The crisis triggered sweeping reforms: the National Tiger Conservation Authority was created in 2006, anti-poaching patrols were rebuilt, and scientific camera-trap monitoring replaced the discredited pugmark counts. Ranthambore's recovery was fast and emphatic — so successful that from 2008 its tigers were airlifted to repopulate Sariska, the tigress Machli's daughters among the founders of that second-chance population.

Ranthambore Today

From that low of around 26, the reserve now supports around 80 tigers — so many that young adults regularly disperse into the Kailadevi buffer and beyond, and some have been moved to seed other Rajasthan reserves. The park's individually named tigers, from Machli to today's generation, carry the story forward; you can trace all of them on our tiger family tree. Ranthambore's transformation from royal hunting ground to conservation icon remains one of wildlife protection's most compelling success stories — and every safari visitor is now part of the economy that sustains it.

Timeline at a Glance

10th century — Chauhan Rajputs build Ranthambore Fort. 1568 — Akbar captures the fort. Late 1700s onward — hunting preserve of the Jaipur Maharajas. 1955 — Sawai Madhopur Wildlife Sanctuary declared. 1973 — one of Project Tiger's nine original reserves. 1980 — national park status. 2005 — poaching crisis; only ~26 tigers counted. 2008 — Ranthambore tigers begin repopulating Sariska. 2013 — fort inscribed by UNESCO. Today — around 80 tigers across a 1,411 sq km reserve.

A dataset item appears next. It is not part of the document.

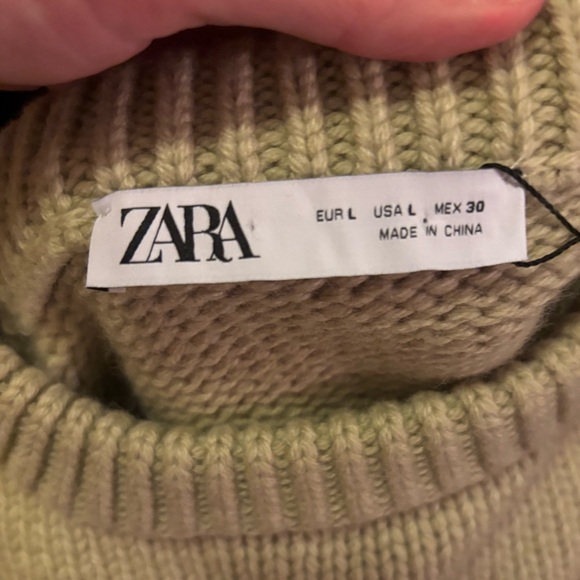 NWT Zara Wool Blend Knit cropped sweater sz L - Picture 3 of 6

Frequently Asked Questions

When did Ranthambore become a national park?

It joined Project Tiger as one of the nine original reserves in 1973 and was upgraded to full national park status in 1980, building on a wildlife sanctuary first declared in 1955.

Who built Ranthambore Fort?

The Chauhan Rajputs, in the 10th century. It later passed through the hands of the Delhi Sultanate and the Mughals — Akbar took it in 1568 — and is now a UNESCO World Heritage Site.

What happened to Ranthambore's tigers in 2005?

A census following the Sariska poaching scandal found only around 26 tigers in Ranthambore — organised poaching had halved the population. Reformed protection and monitoring drove the recovery to today's roughly 80 tigers.